Вот какие серьезные выводы для теории искусства получаются здесь из последовательного проведения пластического принципа, если пластику и скульптуру понимать не как внешнюю форму и стиль, а как мировоззрение, как тип духовной жизни, как культурно-социальное явление. Живое человеческое тело, трактуемое как принцип, как абсолютный принцип, т.е. как абсолют, дарует небывалую красоту в искусстве, всю эту благородную, величавую блаженно-равнодушную, холодноватую и чуть-чуть меланхолическую античную скульптуру. Но этот принцип также и стоит очень дорого. Он возможен только в таких культурах, где еще нет развитого опыта личности как бытия несводимого и специфического и где нет развитого опыта истории как бытия также оригинального и неповторимого.

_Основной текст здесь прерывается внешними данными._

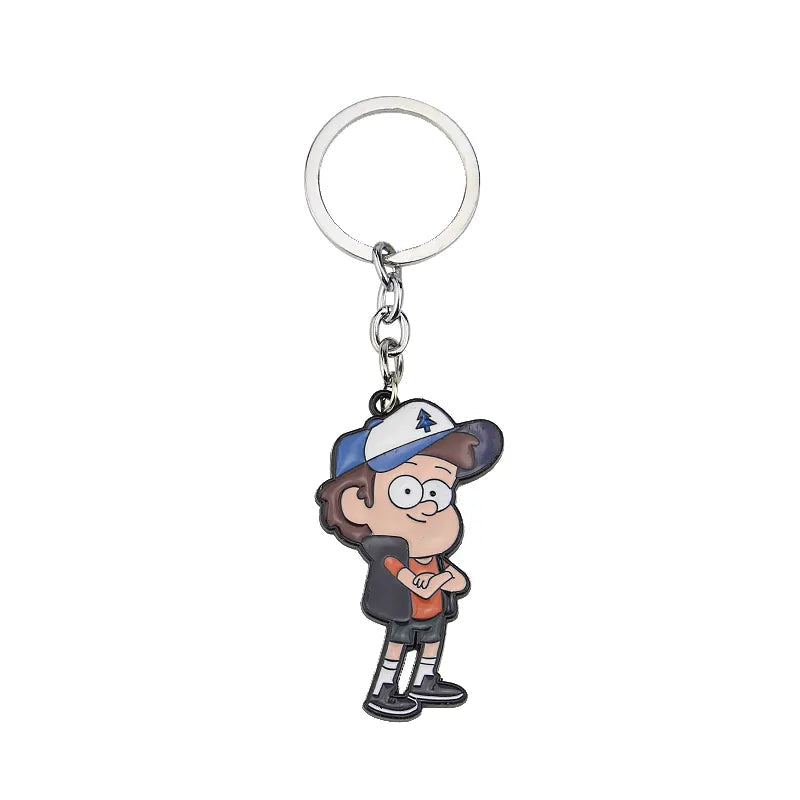 Gravity Falls 'Dipper Pines' Keyring Metal Keychain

Едва ли стоит напоминать при этом о том, что вся эта характеристика относится к самому центральному ядру античности, к ее классике, и что конкретная жизнь этой пластики в античном сознании имела и уродливые эмбриональные формы, и цветущую прекрасную юность, имела зрелый и перезрелый возраст со своим психологическим упадничеством и имела свою дряблую и хилую старость. Все это касается уже не принципа античного стиля и мировоззрения, а реальных периодов их развития.